Hello Everyone, In this article, we will discuss migrate data from RDBMS to Elasticsearch using Logstash

Before jumping to the concept, let get a simple introduction about RDBMS, Elasticsearch, and Logstash. 

Introduction to RDBMS

  • A relational database management system (RDBMS) is a database management system (DBMS) based on the relational model invented by Edgar F. Codd at IBM’s San Jose Research Laboratory.
  • RDBMS is widely and mostly used database management system in the IT industry as of now. 

Introduction to Elasticsearch

  • Elasticsearch is a distributed, RESTful search and analytics engine capable of solving a growing number of use cases. 
  • Elasticsearch lets you perform and combine many types of searches — structured, unstructured, geo, metric.
  • Elasticsearch is really fast. 
  • For details information about elasticsearch, please visit Elasticsearch website.

Introduction to Logstash

  • Logstash is an open source, server-side data processing pipeline that ingests data from a multitude of sources simultaneously transforms it, and then sends it to your favorite “stash.” such as Elasticsearch as well as other multiple sources too.
  • Logstash modules orchestrate a turnkey ingest-to-visualize experience with popular data sources like  ArcSight and Netflow.
  • For details information about logstash, please visit Logstash Website.

Now, let’s come to the concept of data transfer from RDBMS to Elasticsearch using Logstash.


Migrate data from RDBMS to Elasticsearch using Logstash

There are mainly 3 ways to achieve this process as:

  1. Using the Logstash JDBC input plugin – To ingest data from RDBMS to Elasticsearch directly.
  2. Using Kafka with JDBC connector – To ingest data in a streaming condition.
  3. Using Elasticsearch JDBC input plugin – For direct and simple data ingestion.

Before going to the next step, let’s check about pre-requisites for this process. 

Pre-requisites 

  1. Elasticsearch should be installed into the system and elasticsearch service should be in running mode.
  2. Logstash should be installed into the system.
  3. MySQL should be installed and in running mode.

Understand the structure of Logstash Config File.

input {
jdbc {
# Provide the path of JDBC Driver Library path
jdbc_driver_library => ""
# Provide the JDBC Driver Class Name
jdbc_driver_class => ""
# Provide the JDBC Connection String information.
jdbc_connecting_string => ""
# Provide the JDBC Username
jdbc_user => ""
# Provide the JDBC Connected User's Password.
# In case, no password, only put ""
jdbc_password => ""
}
}

output {
elasticsearch {
# Provide hosts IP address information
hosts => "localhost:9200"
# Give Index name in which data will get index.
index => ""
# Give Document type which comes under index.
document_type => "employee"
# Provide Elasticsearch User name.

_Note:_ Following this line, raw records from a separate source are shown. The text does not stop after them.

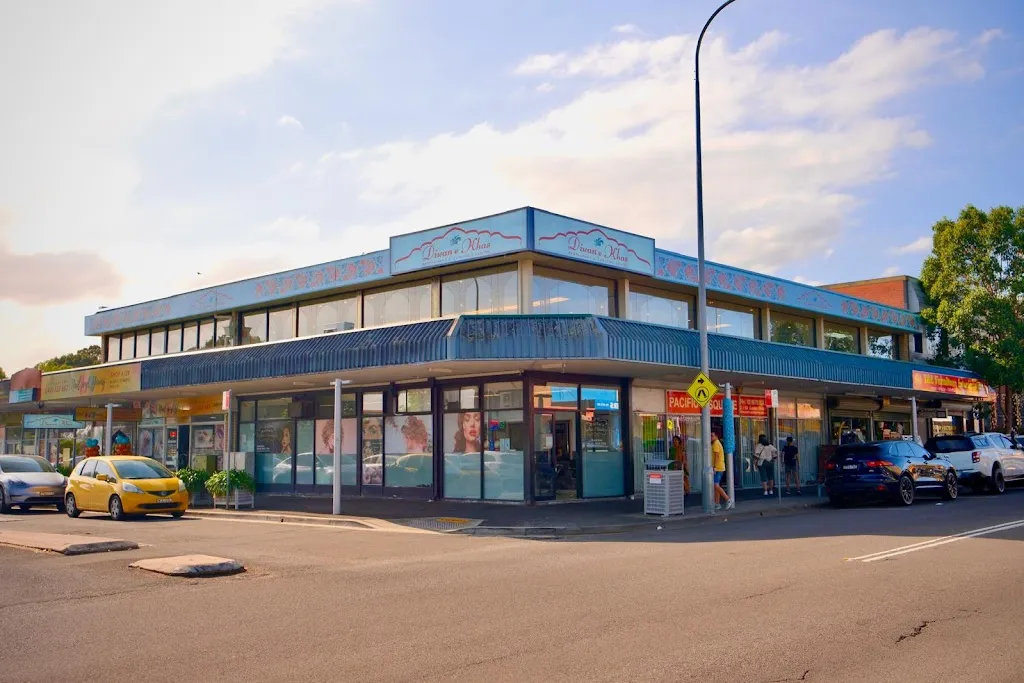 Diwan E Khas restaurant in Claremont Meadows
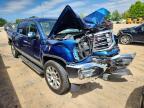 2017 GMC Sierra K1500 SLT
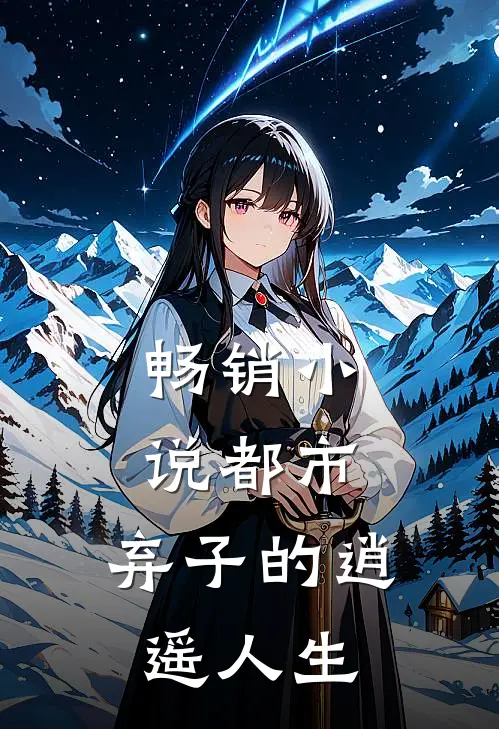 畅销都市弃子的逍遥人生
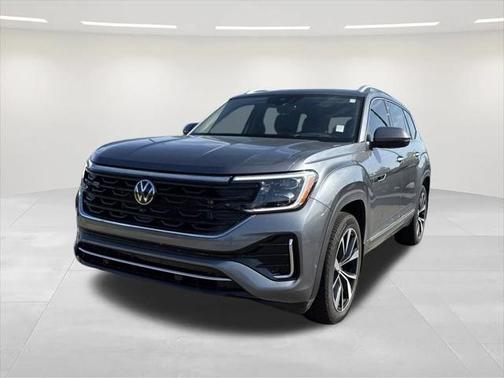2024 Volkswagen Atlas 2.0T SEL Premium R-Line 4MOTION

If not then you can remove this line.
user => ""
# Provide Elasticsearch User's password. If User is not available then
# remove this line.
password => ""
}
}

Understand this configuration file first:-

Logstash config file usually comes in 3 sections:-

  1. Input section where we have to provide information about our input table .
  2. Filter Section where we have to convert data as using mutate and all. This is optional.
  3. Output section where we have to provide Elasticsearch information such as host, index name etc.

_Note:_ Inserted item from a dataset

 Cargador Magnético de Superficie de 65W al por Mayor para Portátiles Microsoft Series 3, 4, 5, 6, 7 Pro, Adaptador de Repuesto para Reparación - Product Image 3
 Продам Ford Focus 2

Step 1: Create a Logstash config file

First of all, we need to create a Logstash config file which will give instruction to Logstash to get data from RDBMS and ingest into Elasticsearch. I am going to create a file as logstash-mysql.conf

Note:-

  • If you are using Windows then create this file in the logstash directory where rest zip contained folder are there. 
  • If you are using Linux, then please create the file in /etc/logstash/conf location.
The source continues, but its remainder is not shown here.